Üslup ve konu bakımından Ön Asya ve Akdeniz Havzası’nda ve diğer kaya resimlerinin bulunduğu bölgelerde benzerine pek rastlanmayan ve bölgenin en eski resim sanatçılarının çizmiş olduğu kaya resimleri, Latmos Dağları’nın geniş coğrafyasında yer almakta, belki de Mont Bego’da olduğu gibi binlercesi her an bir kayanın altında keşfedilmeyi beklemektedir.
Latmos bölgesi sadece tarih öncesi dönemde değil, antik dönem, Bizans, Ortaçağ, Osmanlı dönemlerini de kapsayan yaşamın izleri bulunmaktadır.
Antik yollar, kaleler, savunma yapıları, yerleşim alanları, kaya yapılarıyla özgün bir mimari oluşturan manastırları ve freskleriyle Bizans sanat tarihi açısından da çok önemli bir yere sahiptir. Selçuklu, Beylikler ve Osmanlı Dönemi’nde de bölgenin göçerler tarafından kullandıkları yayla ve kışla yerleşmeleri günümüze kadar ulaşmıştır.
Antik dönemde deniz, sonradan göl ve orman gibi birbirinden çok farklı ekosistemleri bünyesinde barındıran Latmos bölgesi, endemik bitki türleri, kuş çeşitliliği ve nesli tehdit altındaki memeli türleri açısından da çok önemli yere sahiptir. Dünyadaki benzerlerine bakıldığında, çok daha önemli özellikleri ve zenginlikleri bulunan bu doğal ve kültürel miras alanına ne yazık ki bugüne kadar yeterli bir koruma statüsü getirilememiştir.

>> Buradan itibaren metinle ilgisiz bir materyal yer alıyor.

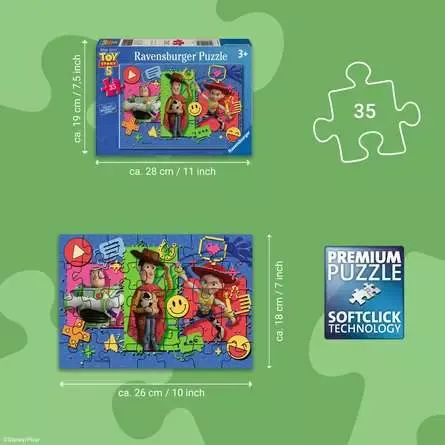 Ravensburger / Casse-tête – Disney / Pixar Toy Story 5 (35 mcx)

Bunun tek nedeni de; bölgenin olağanüstü doğal peyzajını delik deşik eden, geri dönülmez tahribatlar yaratan, doğal ve kültürel zenginlikleri tehdit eden, çevreyi toz toprak içinde bırakarak yerelde yaşayan halkın sağlığını olumsuz şekilde etkileyen, köylülerin yolunu bozan ve köylerin içinden durmaksızın geçerek köylülerin mutsuz bir hayat geçirmesine neden olan ve içme sularını içilmez hale getiren maden ocaklarıdır.
Latmos Dağları’ndaki maden alanlarına bakıldığında bazı maden ocaklarının köylerle iç içe oldukları ve bazı köylerin maden yüzünden yok olma riski bulundukları görülmektedir.Latmos bölgesinde daha nice keşiflerin yapılacağı onca yer ve on yıllarca sürecek araştırmalar varken, bugüne kadar yapılan tahribatlar yetmiyor gibi, zeytincilik kanunuyla korunan alanlar da meclise sunulan yasa teklifiyle tehlike altına girmiştir. Latmos’ta zeytinciliğin antik dönem, Bizans ve Osmanlı dönemlerinde yaygın bir şekilde yapıldığını, bizlere ulaşan zeytinyağı işliklerinden görmekteyiz. Günümüzde de zeytincilik bölge halkının en önemli geçim kaynakları arasındadır. Zeytincilik Kanununda istenen değişiklikler kabul edilmemeli, teklif geri çekilmeli ve Latmos bölgesi özel koruma alanı olarak ilan edilmelidir.